DealLawyers.com Blog

November 24, 2021

SPACs: What’s Behind the Latest Accounting Issue?

Last week, Bloomberg Tax published an article indicating that the SEC, which previously caused a wave of restatements by SPACs over warrant accounting issues, has identified another accounting issue that SPACs need to address. This excerpt says the problem is the way that issuers have treated Class A shares:

SPACs typically issue two types of shares: founder shares and Class A shares. Class A shares are redeemable, meaning that investors can ask for their money back if they don’t like a company the SPAC targets to take public. This feature is a key part of what makes SPACs attractive to early investors: if they aren’t happy with the merger, they don’t lose their money.

The new accounting issue is that SPACs for years have incorrectly treated Class A shares as permanent equity instead of temporary equity, auditors said. “Many of the auditing firms took the position that it was a little R,” Bukzin said, referring to a revision. “But the SEC came back and made it clear that they believe it’s a big R.”

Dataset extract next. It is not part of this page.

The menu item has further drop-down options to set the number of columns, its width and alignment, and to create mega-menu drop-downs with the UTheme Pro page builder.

According to Marcum, the SEC won’t require SPACs to amend their old 10Qs, as is the case with typical “Big R” restatements. Instead, SPACs can offer details about the corrections in their next filing, Bukzin said the SEC told his firm. It is unclear how the regulator will require corrections for past annual financial statements.

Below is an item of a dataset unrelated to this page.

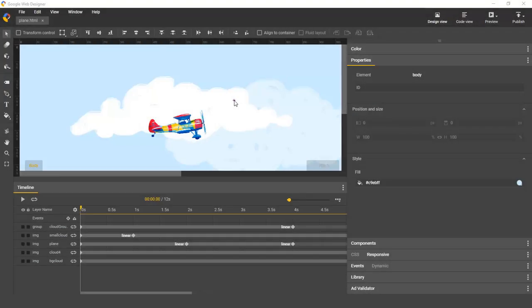Hello, this is Natalie from the Google Web Designer team, and today I'd like to show you a few new features that we've added to the Google Web Designer timeline.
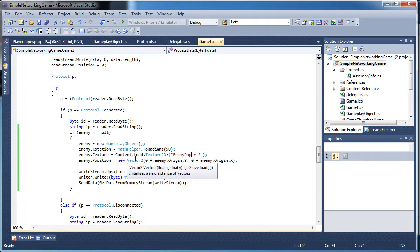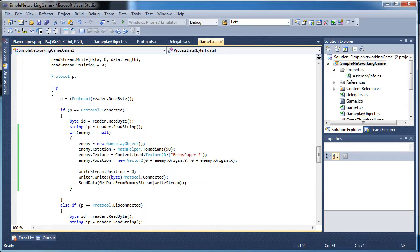Next tutorial we will get to movement and build on the protocols — processing when a player has moved. I hope to see you next time.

The proper classification of Class A shares issued in a SPAC’s IPO isn’t a new issue, but based on a review of a number of SEC filings, it looks like the Staff has changed its view on the way SPACs accounted for those shares.

By way of background, companies are required to classify redeemable shares as temporary equity if, among other things, their redemption is out of the company’s control. Classification as temporary equity means that dividends and other adjustments to the shares that would ordinarily run through the balance sheet result in a hit to the income statement as well.

In an effort to limit the number of shares classified as temporary equity, SPACs have included language in their charters providing that in no event would the company redeem its public shares in a de-SPAC in an amount that would cause its net tangible assets to be less than $5,000,001. In that situation, the company would not proceed with the redemption of its public shares or the related de-SPAC, and instead would search for an alternate de-SPAC transaction.

The argument, which the Staff appears to have accepted in the past, was that since the SPAC wouldn’t approve any redemptions in excess of that amount, the de-SPAC would fail, and the shares would no longer be subject to redemption. That would place the redemption within the company’s control, and therefore take the shares out of the temporary equity classification.

The Staff seems to have rethought its position in recent months. A good way to illustrate the change is to compare the Staff’s responses to two companies who responded to identical comments concerning the temporary equity issue at exactly the same time.  On August 19th, Aesther Healthcare Acquisition Corp. responded to an SEC comment on the temporary equity issue in accordance with the argument outlined above.  On that same day, Maxpro Acquisition provided an identical response to the same comment.

The Staff didn’t comment further on Aesther’s response, and its S-1 was declared effective in September.  In contrast, the Staff didn’t reply to Maxpro’s response letter for nearly a month. When it did, its comment letter laid out what appears to be the Staff’s current position on the temporary equity issue, and Maxpro agreed to revise its accounting treatment.

In essence, the Staff’s current view appears to be that because the SPAC doesn’t control whether the minimum net assets threshold is reached or which shareholders choose to redeem their shares, it doesn’t have control over the redemption. As a result, those Class A shares must be treated as temporary equity.